While the Confederates proved the legitimacy of their forces early on, they were no match for the Union war machine.

10. Battle of Atlanta (1864) -

#10 Battle of Atlanta (1864) -

The Battle of Atlanta was fought on July 22nd in Georgia, just outside of the city of Atlanta. The Union forces were under the command of Major General William T. Sherman (1820-91) and were 34,000 strong, while the Confederates were under the command of General John Bell Hood (1831-79) and had 40,000 troops. The Battle of Atlanta was part of the Atlanta Campaign by Sherman to neutralize the the city as an important supply and rail center for the Confederate army. The battle led to a Union victory with only 3,600 casualties, while the Confederates suffered 8,500. Two months following Sherman's victory the siege of Atlanta was completed and Sherman burned down most of the city to crush southern morale. After this Sherman's March to the Sea began and northern morale was great increased, helping Lincoln to win reelection.

9. Battle of Pea Ridge (1862) -

#9 Battle of Pea Ridge (1862) -

The Battle of Pea Ridge took place between March 6th and 8th in Benton Country, Arkansas. The Union forces were under the command of Brigadier General Samuel R. Curtis (1805-66) were 10,400 strong, while the Confederate forces under Major General Earl Von Dorn (1820-63) were 16,400 strong. The Confederacy strategy for this battle as part of the winter Missouri campaign was to advance northward through Missouri to try and capture St. Louis to help control the state and the Mississippi River. Despite the superior numbers of the Confederates, along with the support of about 2,000 Native American troops under the command of Brigadier General Albert Pike (1809-91), the battle resulted in a decisive Union victory. There were a total of 1,300 Union casualties and 2,100 Confederate casualties. The Union victory was in part due to the misguided battle tactics of the Confederates, a loss of morale after the death of several generals and the refusal of their Indian allies to help more with direct assaults on Union defensive positions.

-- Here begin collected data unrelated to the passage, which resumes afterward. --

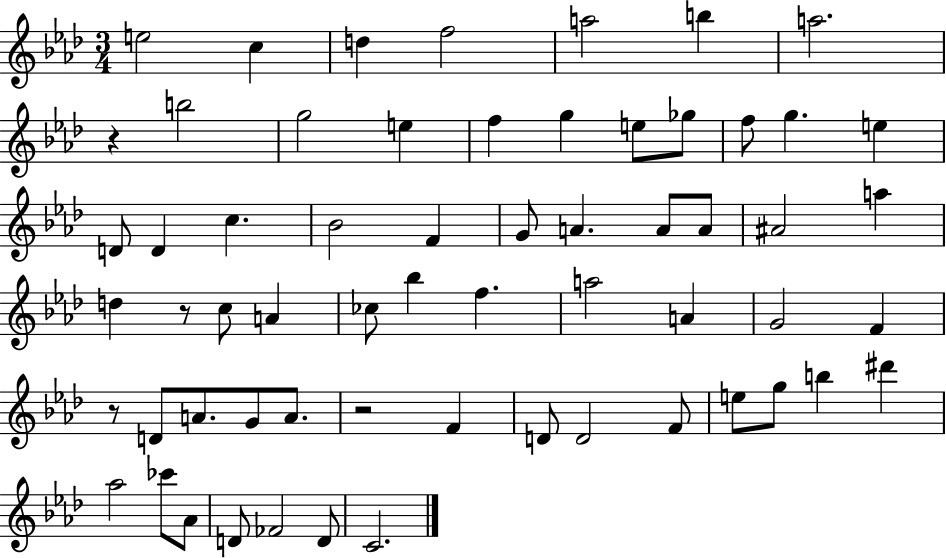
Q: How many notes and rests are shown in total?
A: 61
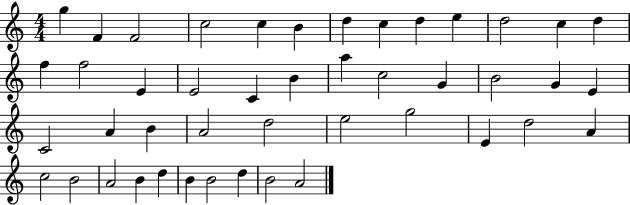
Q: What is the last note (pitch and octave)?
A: A4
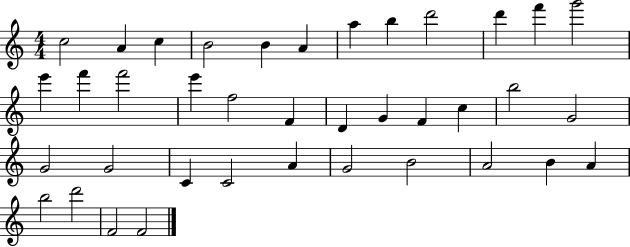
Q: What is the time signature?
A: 4/4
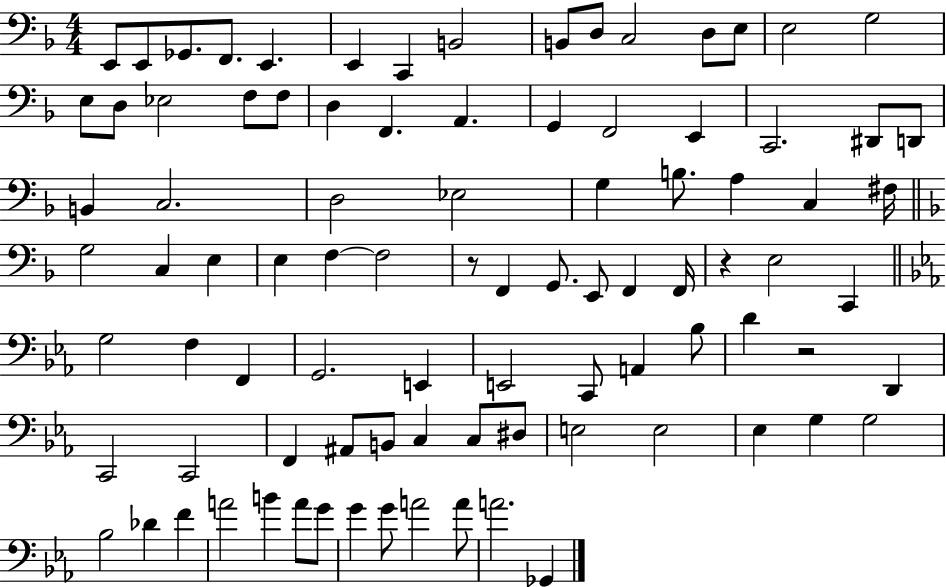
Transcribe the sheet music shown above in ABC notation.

X:1
T:Untitled
M:4/4
L:1/4
K:F
E,,/2 E,,/2 _G,,/2 F,,/2 E,, E,, C,, B,,2 B,,/2 D,/2 C,2 D,/2 E,/2 E,2 G,2 E,/2 D,/2 _E,2 F,/2 F,/2 D, F,, A,, G,, F,,2 E,, C,,2 ^D,,/2 D,,/2 B,, C,2 D,2 _E,2 G, B,/2 A, C, ^F,/4 G,2 C, E, E, F, F,2 z/2 F,, G,,/2 E,,/2 F,, F,,/4 z E,2 C,, G,2 F, F,, G,,2 E,, E,,2 C,,/2 A,, _B,/2 D z2 D,, C,,2 C,,2 F,, ^A,,/2 B,,/2 C, C,/2 ^D,/2 E,2 E,2 _E, G, G,2 _B,2 _D F A2 B A/2 G/2 G G/2 A2 A/2 A2 _G,,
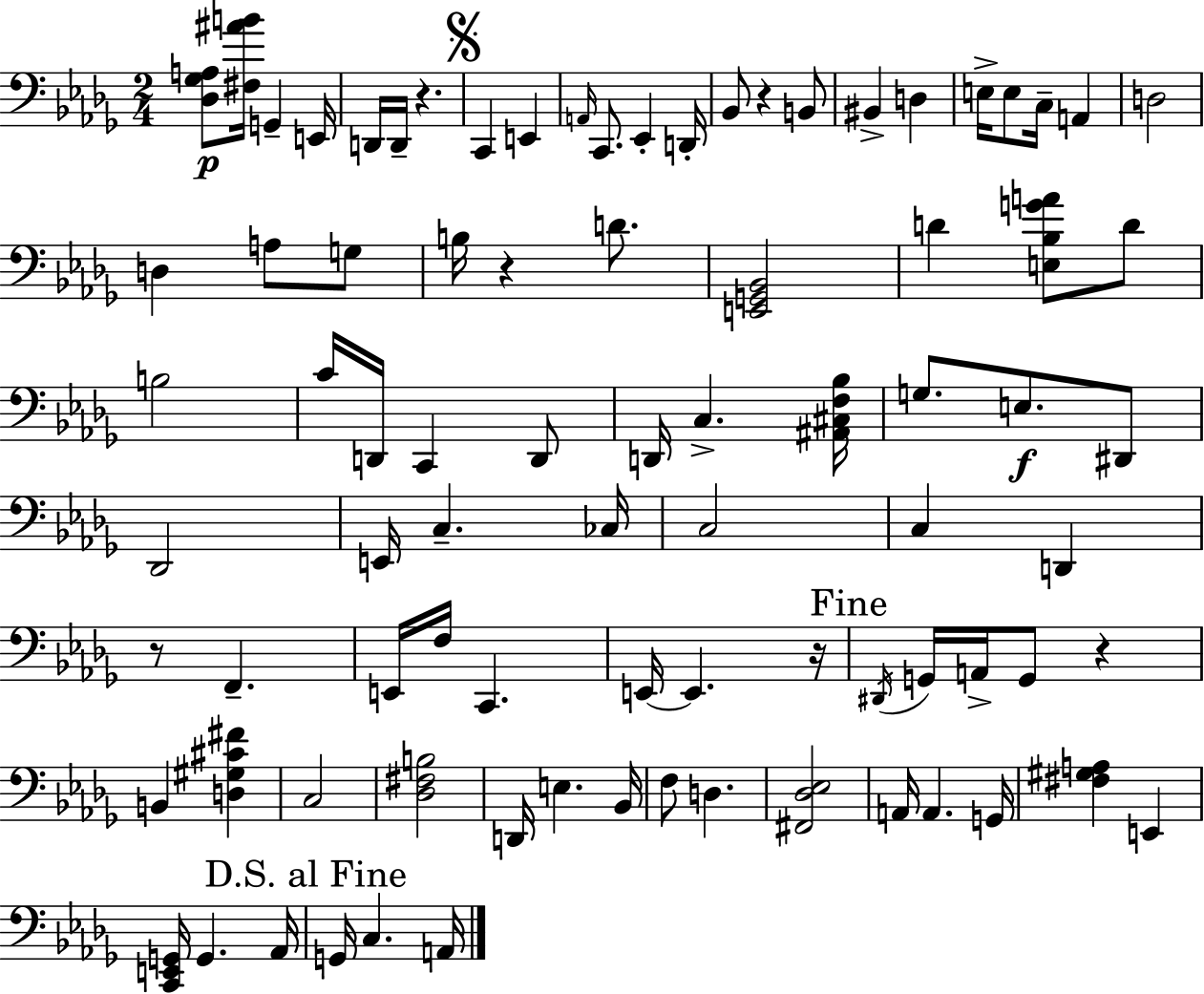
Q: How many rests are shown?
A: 6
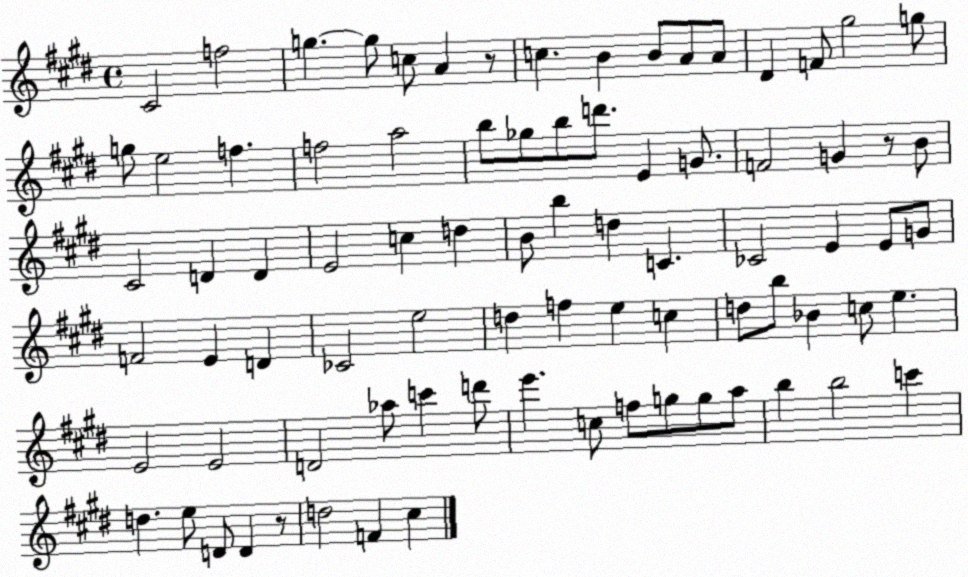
X:1
T:Untitled
M:4/4
L:1/4
K:E
^C2 f2 g g/2 c/2 A z/2 c B B/2 A/2 A/2 ^D F/2 ^g2 g/2 g/2 e2 f f2 a2 b/2 _g/2 b/2 d'/2 E G/2 F2 G z/2 B/2 ^C2 D D E2 c d B/2 b d C _C2 E E/2 G/2 F2 E D _C2 e2 d f e c d/2 b/2 _B c/2 e E2 E2 D2 _a/2 c' d'/2 e' c/2 f/2 g/2 g/2 a/2 b b2 c' d e/2 D/2 D z/2 d2 F ^c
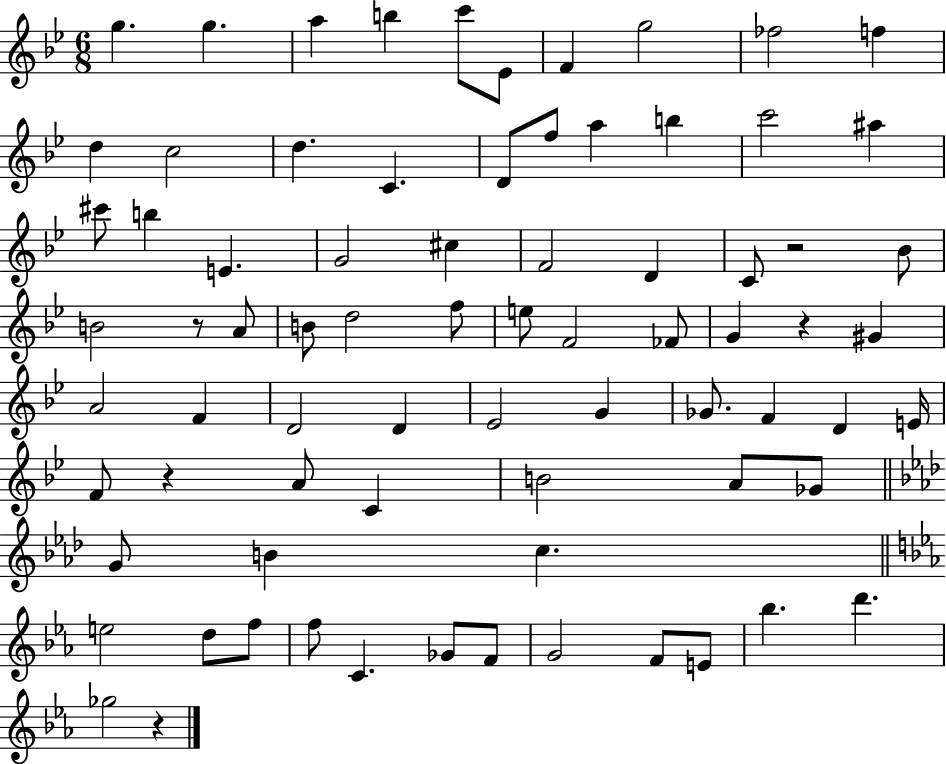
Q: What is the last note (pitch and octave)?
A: Gb5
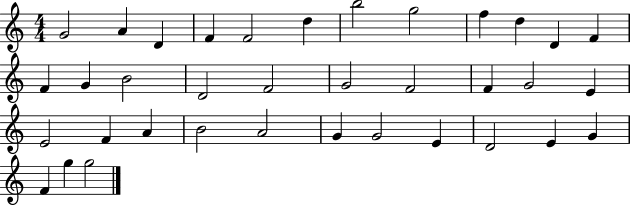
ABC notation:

X:1
T:Untitled
M:4/4
L:1/4
K:C
G2 A D F F2 d b2 g2 f d D F F G B2 D2 F2 G2 F2 F G2 E E2 F A B2 A2 G G2 E D2 E G F g g2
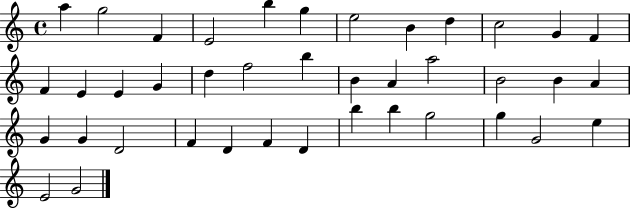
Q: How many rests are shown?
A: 0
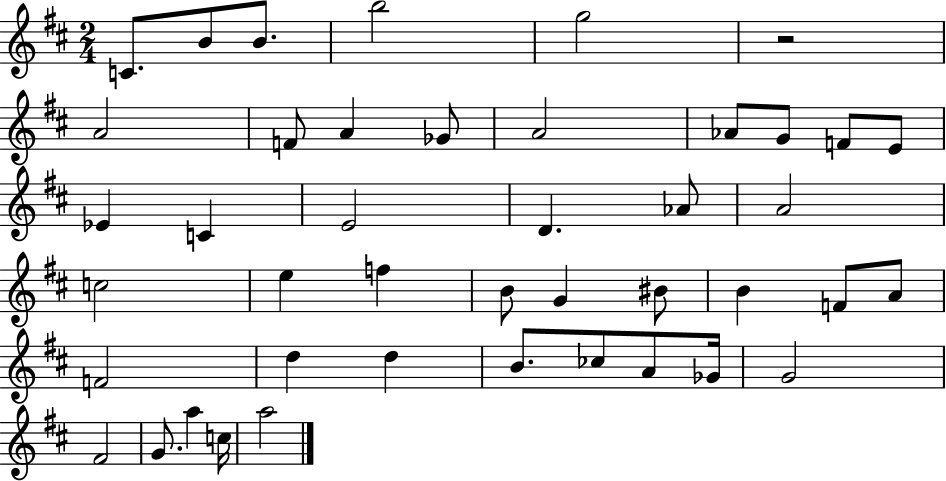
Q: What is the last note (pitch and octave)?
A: A5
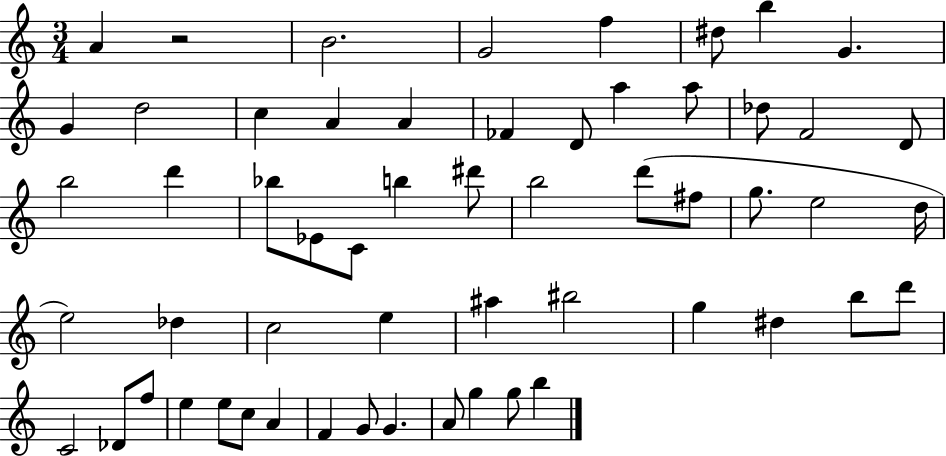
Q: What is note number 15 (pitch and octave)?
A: A5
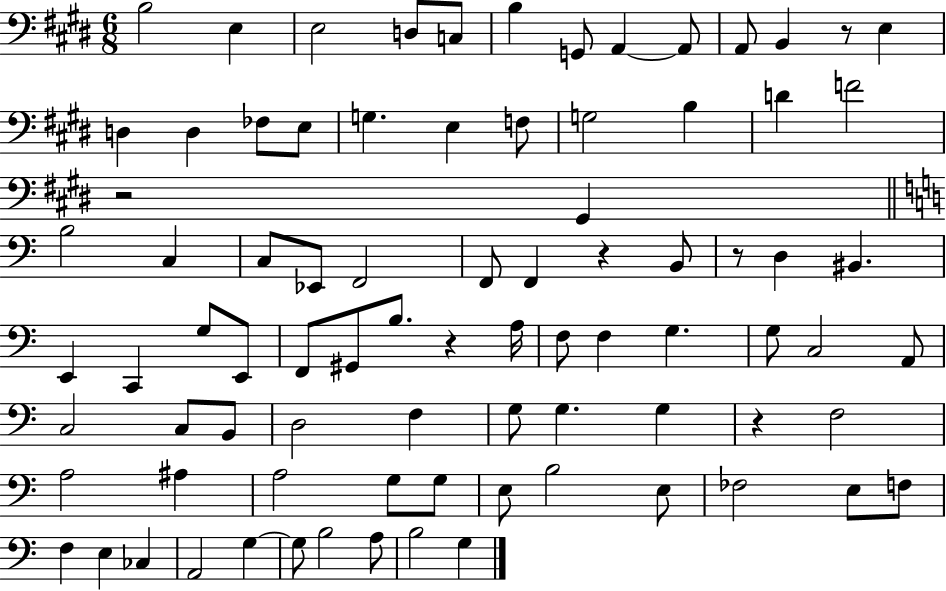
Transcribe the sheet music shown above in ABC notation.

X:1
T:Untitled
M:6/8
L:1/4
K:E
B,2 E, E,2 D,/2 C,/2 B, G,,/2 A,, A,,/2 A,,/2 B,, z/2 E, D, D, _F,/2 E,/2 G, E, F,/2 G,2 B, D F2 z2 ^G,, B,2 C, C,/2 _E,,/2 F,,2 F,,/2 F,, z B,,/2 z/2 D, ^B,, E,, C,, G,/2 E,,/2 F,,/2 ^G,,/2 B,/2 z A,/4 F,/2 F, G, G,/2 C,2 A,,/2 C,2 C,/2 B,,/2 D,2 F, G,/2 G, G, z F,2 A,2 ^A, A,2 G,/2 G,/2 E,/2 B,2 E,/2 _F,2 E,/2 F,/2 F, E, _C, A,,2 G, G,/2 B,2 A,/2 B,2 G,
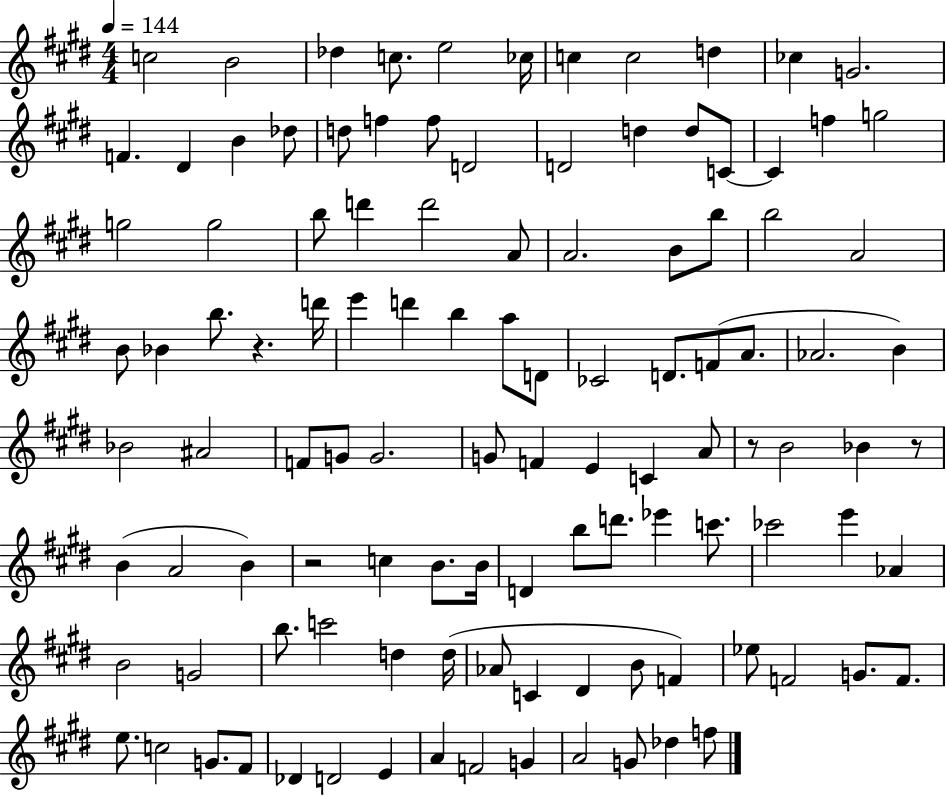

8. Second Battle of Bull Run (1862) -

#8 Second Battle of Bull Run (1862) -

The Second Battle of Bull Run took place between August 28th and 30th by the city of Manassas, Virginia. The Union forces were under the command of Major General John Pope (1822-92) were 62,000 strong, while the Confederate forces under General Robert E. Lee (1807-70) were 50,000 strong. The Second Battle of Bull Run resulted in the sound defeat of the Union forces and a Confederate victory, with their being 14,000 Union casualties and 8,000 Confederate casualties. The Union defeat at the battle was due to the Pope's misconception of the battlefield, confused orders between Union officers and the reluctance of other Union commanders to aid Pope. This led to Lee, along with lieutenant generals Stonewall Jackson (1824-63) and James Longstreet (1821-1904) crushing the Union troops, who managed to make a stand and have an orderly retreat unlike during the first Battle of Bull Run. This battle led to Pope being relived of command of the Army of Virginia and encouraged Lee to embark on his first invasion of the north, the Maryland Campaign.

7. Battle of Shiloh (1862) -

#7 Battle of Shiloh (1862) -

The Battle of Shiloh took place between April 6th and 7th in Hardin Country, Tennessee near Pittsburgh Landing. The Union army was led by Brigadier General Ulysses S. Grant (1822-85) and Major General Don Carlos Buell (1818-98) and was 65,700 strong. The Confederate army was led by General Albert Sidney Johnston (1803-62) and then by P.G.T. Beauregard (1818-93) following Johnston's death in battle. The Confederate army was 45,000 men strong. The battle started with Johnston launching a successful surprise attack on Grant's camps and driving them back, although Johnston was killed in the afternoon fighting. Beauregard then took command and stopped the fighting by pulling his soldiers away from Pittsburgh Landing since they were being shelled by gunboats. That night Buell's men and a division of Grant's army under Major General Lewis Wallace (1827-1905) arrived as reinforcements which turned the tide for the Union forces. The next day the Union army slowly but eventually took back all the ground they had lost, forcing the Confederates to withdraw. By the end the battle was the bloodiest battle in American history up to that point, with 13,000 casualties on the Union side and 10,700 on the Confederate side.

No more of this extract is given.